*** Block opens ***
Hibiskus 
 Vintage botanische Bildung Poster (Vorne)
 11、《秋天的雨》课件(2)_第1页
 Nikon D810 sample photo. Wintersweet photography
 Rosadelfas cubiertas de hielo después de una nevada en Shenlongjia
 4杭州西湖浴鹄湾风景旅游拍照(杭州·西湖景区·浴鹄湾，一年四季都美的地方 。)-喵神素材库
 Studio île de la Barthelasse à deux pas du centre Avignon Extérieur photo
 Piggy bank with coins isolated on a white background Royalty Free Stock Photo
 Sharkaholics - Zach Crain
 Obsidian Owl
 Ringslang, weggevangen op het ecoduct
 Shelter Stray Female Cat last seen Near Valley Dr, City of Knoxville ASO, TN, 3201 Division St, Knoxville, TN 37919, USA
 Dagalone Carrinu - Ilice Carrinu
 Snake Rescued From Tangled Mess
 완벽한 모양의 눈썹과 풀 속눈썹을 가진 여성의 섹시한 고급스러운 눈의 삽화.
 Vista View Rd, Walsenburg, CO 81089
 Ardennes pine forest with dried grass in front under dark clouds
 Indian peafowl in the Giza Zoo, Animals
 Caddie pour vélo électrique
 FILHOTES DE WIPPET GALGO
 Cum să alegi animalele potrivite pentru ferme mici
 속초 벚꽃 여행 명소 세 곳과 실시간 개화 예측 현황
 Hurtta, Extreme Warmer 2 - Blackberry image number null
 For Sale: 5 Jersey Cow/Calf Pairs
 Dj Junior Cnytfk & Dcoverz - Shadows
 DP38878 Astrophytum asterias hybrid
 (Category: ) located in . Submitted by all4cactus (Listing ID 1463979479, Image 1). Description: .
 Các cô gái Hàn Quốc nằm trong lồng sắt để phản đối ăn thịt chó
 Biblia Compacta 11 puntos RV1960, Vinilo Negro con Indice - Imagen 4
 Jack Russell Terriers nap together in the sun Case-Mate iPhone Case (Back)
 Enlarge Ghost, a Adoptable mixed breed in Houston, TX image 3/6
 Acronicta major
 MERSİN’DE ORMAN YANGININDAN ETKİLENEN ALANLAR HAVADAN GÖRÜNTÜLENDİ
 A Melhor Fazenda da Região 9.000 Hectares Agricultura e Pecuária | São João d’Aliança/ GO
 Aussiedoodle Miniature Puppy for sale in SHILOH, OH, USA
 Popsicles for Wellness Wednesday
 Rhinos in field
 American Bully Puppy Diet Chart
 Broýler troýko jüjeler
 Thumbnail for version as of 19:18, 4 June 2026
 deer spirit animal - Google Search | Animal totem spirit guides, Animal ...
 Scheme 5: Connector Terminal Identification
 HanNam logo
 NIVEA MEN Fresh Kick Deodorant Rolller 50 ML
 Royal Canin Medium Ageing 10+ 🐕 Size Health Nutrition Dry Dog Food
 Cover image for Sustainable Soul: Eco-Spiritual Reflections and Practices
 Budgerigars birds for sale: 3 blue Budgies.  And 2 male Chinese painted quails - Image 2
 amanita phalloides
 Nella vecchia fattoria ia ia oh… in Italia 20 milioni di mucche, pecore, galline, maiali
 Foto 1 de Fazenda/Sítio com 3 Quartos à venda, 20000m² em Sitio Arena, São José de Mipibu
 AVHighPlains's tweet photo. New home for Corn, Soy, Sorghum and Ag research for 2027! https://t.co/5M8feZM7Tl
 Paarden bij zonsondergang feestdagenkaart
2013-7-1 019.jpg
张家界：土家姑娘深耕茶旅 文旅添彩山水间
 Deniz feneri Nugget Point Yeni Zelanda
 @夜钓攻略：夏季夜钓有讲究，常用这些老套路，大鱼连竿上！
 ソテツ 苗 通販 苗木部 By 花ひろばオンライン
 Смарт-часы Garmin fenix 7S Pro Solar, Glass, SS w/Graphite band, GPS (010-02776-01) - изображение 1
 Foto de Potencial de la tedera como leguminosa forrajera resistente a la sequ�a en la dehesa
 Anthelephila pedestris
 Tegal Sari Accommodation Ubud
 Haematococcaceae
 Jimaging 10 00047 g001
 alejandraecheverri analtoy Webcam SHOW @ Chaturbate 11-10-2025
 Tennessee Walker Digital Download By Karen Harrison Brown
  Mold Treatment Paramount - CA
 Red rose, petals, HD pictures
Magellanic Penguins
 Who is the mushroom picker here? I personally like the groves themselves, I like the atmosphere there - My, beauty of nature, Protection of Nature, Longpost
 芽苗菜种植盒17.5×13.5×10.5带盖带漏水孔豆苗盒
*** Block closes ***
- [TASK DETAILS]
Line by line, retype the whole listing exactly.

- [REPLY]
Hibiskus 
 Vintage botanische Bildung Poster (Vorne)
 11、《秋天的雨》课件(2)_第1页
 Nikon D810 sample photo. Wintersweet photography
 Rosadelfas cubiertas de hielo después de una nevada en Shenlongjia
 4杭州西湖浴鹄湾风景旅游拍照(杭州·西湖景区·浴鹄湾，一年四季都美的地方 。)-喵神素材库
 Studio île de la Barthelasse à deux pas du centre Avignon Extérieur photo
 Piggy bank with coins isolated on a white background Royalty Free Stock Photo
 Sharkaholics - Zach Crain
 Obsidian Owl
 Ringslang, weggevangen op het ecoduct
 Shelter Stray Female Cat last seen Near Valley Dr, City of Knoxville ASO, TN, 3201 Division St, Knoxville, TN 37919, USA
 Dagalone Carrinu - Ilice Carrinu
 Snake Rescued From Tangled Mess
 완벽한 모양의 눈썹과 풀 속눈썹을 가진 여성의 섹시한 고급스러운 눈의 삽화.
 Vista View Rd, Walsenburg, CO 81089
 Ardennes pine forest with dried grass in front under dark clouds
 Indian peafowl in the Giza Zoo, Animals
 Caddie pour vélo électrique
 FILHOTES DE WIPPET GALGO
 Cum să alegi animalele potrivite pentru ferme mici
 속초 벚꽃 여행 명소 세 곳과 실시간 개화 예측 현황
 Hurtta, Extreme Warmer 2 - Blackberry image number null
 For Sale: 5 Jersey Cow/Calf Pairs
 Dj Junior Cnytfk & Dcoverz - Shadows
 DP38878 Astrophytum asterias hybrid
 (Category: ) located in . Submitted by all4cactus (Listing ID 1463979479, Image 1). Description: .
 Các cô gái Hàn Quốc nằm trong lồng sắt để phản đối ăn thịt chó
 Biblia Compacta 11 puntos RV1960, Vinilo Negro con Indice - Imagen 4
 Jack Russell Terriers nap together in the sun Case-Mate iPhone Case (Back)
 Enlarge Ghost, a Adoptable mixed breed in Houston, TX image 3/6
 Acronicta major
 MERSİN’DE ORMAN YANGININDAN ETKİLENEN ALANLAR HAVADAN GÖRÜNTÜLENDİ
 A Melhor Fazenda da Região 9.000 Hectares Agricultura e Pecuária | São João d’Aliança/ GO
 Aussiedoodle Miniature Puppy for sale in SHILOH, OH, USA
 Popsicles for Wellness Wednesday
 Rhinos in field
 American Bully Puppy Diet Chart
 Broýler troýko jüjeler
 Thumbnail for version as of 19:18, 4 June 2026
 deer spirit animal - Google Search | Animal totem spirit guides, Animal ...
 Scheme 5: Connector Terminal Identification
 HanNam logo
 NIVEA MEN Fresh Kick Deodorant Rolller 50 ML
 Royal Canin Medium Ageing 10+ 🐕 Size Health Nutrition Dry Dog Food
 Cover image for Sustainable Soul: Eco-Spiritual Reflections and Practices
 Budgerigars birds for sale: 3 blue Budgies.  And 2 male Chinese painted quails - Image 2
 amanita phalloides
 Nella vecchia fattoria ia ia oh… in Italia 20 milioni di mucche, pecore, galline, maiali
 Foto 1 de Fazenda/Sítio com 3 Quartos à venda, 20000m² em Sitio Arena, São José de Mipibu
 AVHighPlains's tweet photo. New home for Corn, Soy, Sorghum and Ag research for 2027! https://t.co/5M8feZM7Tl
 Paarden bij zonsondergang feestdagenkaart
2013-7-1 019.jpg
张家界：土家姑娘深耕茶旅 文旅添彩山水间
 Deniz feneri Nugget Point Yeni Zelanda
 @夜钓攻略：夏季夜钓有讲究，常用这些老套路，大鱼连竿上！
 ソテツ 苗 通販 苗木部 By 花ひろばオンライン
 Смарт-часы Garmin fenix 7S Pro Solar, Glass, SS w/Graphite band, GPS (010-02776-01) - изображение 1
 Foto de Potencial de la tedera como leguminosa forrajera resistente a la sequ�a en la dehesa
 Anthelephila pedestris
 Tegal Sari Accommodation Ubud
 Haematococcaceae
 Jimaging 10 00047 g001
 alejandraecheverri analtoy Webcam SHOW @ Chaturbate 11-10-2025
 Tennessee Walker Digital Download By Karen Harrison Brown
  Mold Treatment Paramount - CA
 Red rose, petals, HD pictures
Magellanic Penguins
 Who is the mushroom picker here? I personally like the groves themselves, I like the atmosphere there - My, beauty of nature, Protection of Nature, Longpost
 芽苗菜种植盒17.5×13.5×10.5带盖带漏水孔豆苗盒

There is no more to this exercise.